- **Task description**:
Every line in the following data that has "Picture" counts toward the total; state that total alone.
□ □ □ □ □ □ □
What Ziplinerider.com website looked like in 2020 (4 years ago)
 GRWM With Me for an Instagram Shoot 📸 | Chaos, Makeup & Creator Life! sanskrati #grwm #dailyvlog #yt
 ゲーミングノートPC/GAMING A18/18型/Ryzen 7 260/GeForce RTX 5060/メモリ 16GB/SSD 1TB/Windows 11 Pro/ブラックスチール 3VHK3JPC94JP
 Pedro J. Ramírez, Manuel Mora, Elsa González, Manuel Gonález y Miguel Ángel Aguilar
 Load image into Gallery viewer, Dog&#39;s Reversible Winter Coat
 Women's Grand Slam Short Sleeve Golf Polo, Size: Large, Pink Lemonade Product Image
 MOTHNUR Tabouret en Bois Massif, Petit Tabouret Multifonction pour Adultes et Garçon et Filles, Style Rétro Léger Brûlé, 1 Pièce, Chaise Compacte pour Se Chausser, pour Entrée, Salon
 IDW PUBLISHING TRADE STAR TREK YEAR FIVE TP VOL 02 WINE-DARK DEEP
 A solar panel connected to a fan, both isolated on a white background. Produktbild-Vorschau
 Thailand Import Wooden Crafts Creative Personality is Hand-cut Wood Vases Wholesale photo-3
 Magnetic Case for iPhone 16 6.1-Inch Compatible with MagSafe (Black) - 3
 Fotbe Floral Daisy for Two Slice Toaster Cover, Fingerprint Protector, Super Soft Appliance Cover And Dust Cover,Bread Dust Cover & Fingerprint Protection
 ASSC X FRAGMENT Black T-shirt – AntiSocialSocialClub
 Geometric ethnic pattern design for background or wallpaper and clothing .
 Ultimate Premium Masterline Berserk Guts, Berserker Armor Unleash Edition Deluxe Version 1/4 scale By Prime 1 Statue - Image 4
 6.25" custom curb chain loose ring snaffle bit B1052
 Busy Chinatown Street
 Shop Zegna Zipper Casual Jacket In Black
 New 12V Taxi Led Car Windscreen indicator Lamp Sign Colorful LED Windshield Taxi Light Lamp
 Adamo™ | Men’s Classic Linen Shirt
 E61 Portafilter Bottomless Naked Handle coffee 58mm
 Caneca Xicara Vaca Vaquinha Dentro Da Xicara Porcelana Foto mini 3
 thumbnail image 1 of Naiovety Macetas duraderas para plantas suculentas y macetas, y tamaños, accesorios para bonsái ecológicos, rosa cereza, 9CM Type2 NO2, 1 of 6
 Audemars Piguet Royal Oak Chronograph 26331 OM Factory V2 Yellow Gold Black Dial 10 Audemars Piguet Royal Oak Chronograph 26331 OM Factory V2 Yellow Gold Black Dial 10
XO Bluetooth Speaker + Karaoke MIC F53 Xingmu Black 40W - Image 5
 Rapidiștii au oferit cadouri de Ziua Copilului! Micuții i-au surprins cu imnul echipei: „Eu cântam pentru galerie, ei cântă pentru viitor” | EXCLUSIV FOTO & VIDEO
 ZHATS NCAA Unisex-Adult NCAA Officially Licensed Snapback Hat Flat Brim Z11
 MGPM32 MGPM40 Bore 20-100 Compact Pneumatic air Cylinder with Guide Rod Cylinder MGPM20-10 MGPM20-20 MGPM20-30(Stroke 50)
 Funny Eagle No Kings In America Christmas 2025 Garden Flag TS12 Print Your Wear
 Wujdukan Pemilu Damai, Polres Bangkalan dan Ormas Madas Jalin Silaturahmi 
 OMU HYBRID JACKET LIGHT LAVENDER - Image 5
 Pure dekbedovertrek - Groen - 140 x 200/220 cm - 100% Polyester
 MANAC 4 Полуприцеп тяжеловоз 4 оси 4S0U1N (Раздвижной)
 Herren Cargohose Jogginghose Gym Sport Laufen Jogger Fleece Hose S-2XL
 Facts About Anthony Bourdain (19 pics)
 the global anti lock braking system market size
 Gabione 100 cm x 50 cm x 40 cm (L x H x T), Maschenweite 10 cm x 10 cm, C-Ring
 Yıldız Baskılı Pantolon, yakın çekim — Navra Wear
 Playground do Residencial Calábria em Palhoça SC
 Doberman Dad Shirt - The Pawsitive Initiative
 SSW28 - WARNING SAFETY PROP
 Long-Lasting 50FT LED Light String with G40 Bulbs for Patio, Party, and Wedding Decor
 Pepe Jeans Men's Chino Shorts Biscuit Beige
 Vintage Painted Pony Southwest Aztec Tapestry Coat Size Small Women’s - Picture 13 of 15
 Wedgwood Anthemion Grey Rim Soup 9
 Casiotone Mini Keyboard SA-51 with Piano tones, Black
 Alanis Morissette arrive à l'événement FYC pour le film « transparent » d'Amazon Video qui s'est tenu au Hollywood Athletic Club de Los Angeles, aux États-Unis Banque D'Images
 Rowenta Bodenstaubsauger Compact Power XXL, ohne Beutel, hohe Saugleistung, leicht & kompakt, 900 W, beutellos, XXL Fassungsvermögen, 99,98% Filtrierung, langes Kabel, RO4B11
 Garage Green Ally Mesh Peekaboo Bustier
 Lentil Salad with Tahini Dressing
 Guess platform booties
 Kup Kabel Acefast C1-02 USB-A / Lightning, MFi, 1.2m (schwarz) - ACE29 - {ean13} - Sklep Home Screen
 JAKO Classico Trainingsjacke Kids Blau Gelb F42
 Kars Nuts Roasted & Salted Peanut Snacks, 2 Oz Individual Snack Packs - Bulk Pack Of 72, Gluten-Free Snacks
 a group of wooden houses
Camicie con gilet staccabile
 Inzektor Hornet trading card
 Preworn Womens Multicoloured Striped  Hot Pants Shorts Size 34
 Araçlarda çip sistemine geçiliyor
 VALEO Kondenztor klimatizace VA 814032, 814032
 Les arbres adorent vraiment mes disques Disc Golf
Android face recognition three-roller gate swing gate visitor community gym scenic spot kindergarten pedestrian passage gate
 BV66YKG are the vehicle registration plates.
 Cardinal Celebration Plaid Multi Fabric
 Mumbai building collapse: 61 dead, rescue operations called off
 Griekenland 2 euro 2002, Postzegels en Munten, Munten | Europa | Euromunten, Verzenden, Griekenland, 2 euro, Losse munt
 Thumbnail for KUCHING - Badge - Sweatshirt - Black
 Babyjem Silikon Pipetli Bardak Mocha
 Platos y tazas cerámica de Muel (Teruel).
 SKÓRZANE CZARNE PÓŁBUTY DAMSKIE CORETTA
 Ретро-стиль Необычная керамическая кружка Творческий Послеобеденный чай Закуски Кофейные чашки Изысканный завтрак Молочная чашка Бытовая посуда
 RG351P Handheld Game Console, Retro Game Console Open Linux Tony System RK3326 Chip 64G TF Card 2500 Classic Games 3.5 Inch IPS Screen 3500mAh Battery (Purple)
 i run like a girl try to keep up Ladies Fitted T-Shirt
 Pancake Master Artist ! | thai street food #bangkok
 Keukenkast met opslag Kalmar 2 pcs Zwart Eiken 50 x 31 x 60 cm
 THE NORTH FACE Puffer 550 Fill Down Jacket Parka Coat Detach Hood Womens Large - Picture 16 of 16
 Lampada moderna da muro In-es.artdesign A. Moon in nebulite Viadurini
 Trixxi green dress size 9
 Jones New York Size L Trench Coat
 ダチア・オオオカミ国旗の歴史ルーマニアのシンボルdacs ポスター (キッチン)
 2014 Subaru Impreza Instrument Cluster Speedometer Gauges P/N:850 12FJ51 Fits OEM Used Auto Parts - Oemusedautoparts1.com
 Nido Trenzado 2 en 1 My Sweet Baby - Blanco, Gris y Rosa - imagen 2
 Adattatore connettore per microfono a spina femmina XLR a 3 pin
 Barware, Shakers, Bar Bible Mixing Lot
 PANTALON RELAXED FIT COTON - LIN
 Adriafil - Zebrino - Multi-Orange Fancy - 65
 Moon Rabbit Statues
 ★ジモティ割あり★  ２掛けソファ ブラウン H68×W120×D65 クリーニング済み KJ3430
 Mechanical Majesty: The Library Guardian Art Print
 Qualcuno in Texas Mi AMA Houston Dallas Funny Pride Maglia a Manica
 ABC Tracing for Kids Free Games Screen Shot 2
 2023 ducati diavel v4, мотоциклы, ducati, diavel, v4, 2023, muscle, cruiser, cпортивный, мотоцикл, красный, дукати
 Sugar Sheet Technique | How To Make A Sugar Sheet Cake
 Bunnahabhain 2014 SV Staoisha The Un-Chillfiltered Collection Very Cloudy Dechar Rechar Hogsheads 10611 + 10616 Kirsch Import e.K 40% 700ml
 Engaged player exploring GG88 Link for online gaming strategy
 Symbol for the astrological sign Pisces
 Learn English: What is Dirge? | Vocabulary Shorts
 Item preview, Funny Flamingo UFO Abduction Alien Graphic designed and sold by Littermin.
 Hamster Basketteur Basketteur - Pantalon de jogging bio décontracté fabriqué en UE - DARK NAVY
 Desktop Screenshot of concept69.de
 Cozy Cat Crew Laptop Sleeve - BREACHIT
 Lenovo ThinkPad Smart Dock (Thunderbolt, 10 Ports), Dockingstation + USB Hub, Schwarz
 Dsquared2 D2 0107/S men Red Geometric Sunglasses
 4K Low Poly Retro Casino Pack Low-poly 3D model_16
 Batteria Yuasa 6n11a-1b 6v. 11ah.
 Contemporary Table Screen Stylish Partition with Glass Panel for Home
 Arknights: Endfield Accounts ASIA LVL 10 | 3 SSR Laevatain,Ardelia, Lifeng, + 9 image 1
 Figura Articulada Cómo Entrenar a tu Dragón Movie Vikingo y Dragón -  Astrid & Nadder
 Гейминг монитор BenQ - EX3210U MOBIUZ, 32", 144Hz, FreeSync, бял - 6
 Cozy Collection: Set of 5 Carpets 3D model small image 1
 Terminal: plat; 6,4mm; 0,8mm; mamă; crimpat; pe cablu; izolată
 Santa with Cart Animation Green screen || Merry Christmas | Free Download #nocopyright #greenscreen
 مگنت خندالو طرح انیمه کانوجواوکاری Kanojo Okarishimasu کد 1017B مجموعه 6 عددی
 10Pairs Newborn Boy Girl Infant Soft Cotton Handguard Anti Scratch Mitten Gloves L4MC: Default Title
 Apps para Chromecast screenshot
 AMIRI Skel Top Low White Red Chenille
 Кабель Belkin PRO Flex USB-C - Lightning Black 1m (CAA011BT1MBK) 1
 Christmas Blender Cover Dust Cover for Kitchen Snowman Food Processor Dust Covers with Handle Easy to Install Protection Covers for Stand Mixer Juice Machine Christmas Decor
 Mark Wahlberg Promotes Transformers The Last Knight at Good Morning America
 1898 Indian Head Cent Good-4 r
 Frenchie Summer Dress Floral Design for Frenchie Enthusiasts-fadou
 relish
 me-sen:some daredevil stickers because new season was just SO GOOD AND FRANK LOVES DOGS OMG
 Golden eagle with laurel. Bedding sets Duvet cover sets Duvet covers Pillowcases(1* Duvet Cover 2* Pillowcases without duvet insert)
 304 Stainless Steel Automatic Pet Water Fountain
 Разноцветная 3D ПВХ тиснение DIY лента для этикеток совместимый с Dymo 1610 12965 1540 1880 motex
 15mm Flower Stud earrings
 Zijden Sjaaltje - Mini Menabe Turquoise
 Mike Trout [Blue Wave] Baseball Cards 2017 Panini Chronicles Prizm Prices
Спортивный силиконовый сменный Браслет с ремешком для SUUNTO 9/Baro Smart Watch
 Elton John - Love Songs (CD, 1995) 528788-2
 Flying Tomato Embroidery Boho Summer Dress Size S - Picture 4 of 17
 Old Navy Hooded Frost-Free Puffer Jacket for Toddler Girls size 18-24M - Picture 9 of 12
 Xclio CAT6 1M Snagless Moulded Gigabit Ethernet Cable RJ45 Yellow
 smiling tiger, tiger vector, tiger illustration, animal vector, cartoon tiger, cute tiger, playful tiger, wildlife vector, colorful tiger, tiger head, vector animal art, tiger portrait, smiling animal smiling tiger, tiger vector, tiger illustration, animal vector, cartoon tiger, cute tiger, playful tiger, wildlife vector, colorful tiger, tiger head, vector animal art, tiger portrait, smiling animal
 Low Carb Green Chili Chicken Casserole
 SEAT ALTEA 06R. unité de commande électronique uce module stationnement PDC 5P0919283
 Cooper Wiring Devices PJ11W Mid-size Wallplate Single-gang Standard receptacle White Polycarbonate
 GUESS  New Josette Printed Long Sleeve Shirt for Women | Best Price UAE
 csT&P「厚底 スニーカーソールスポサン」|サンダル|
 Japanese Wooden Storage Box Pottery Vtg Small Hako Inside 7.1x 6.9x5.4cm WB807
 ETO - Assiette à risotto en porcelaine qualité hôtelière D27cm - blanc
□ □ □ □ □ □ □
- **Response**:
4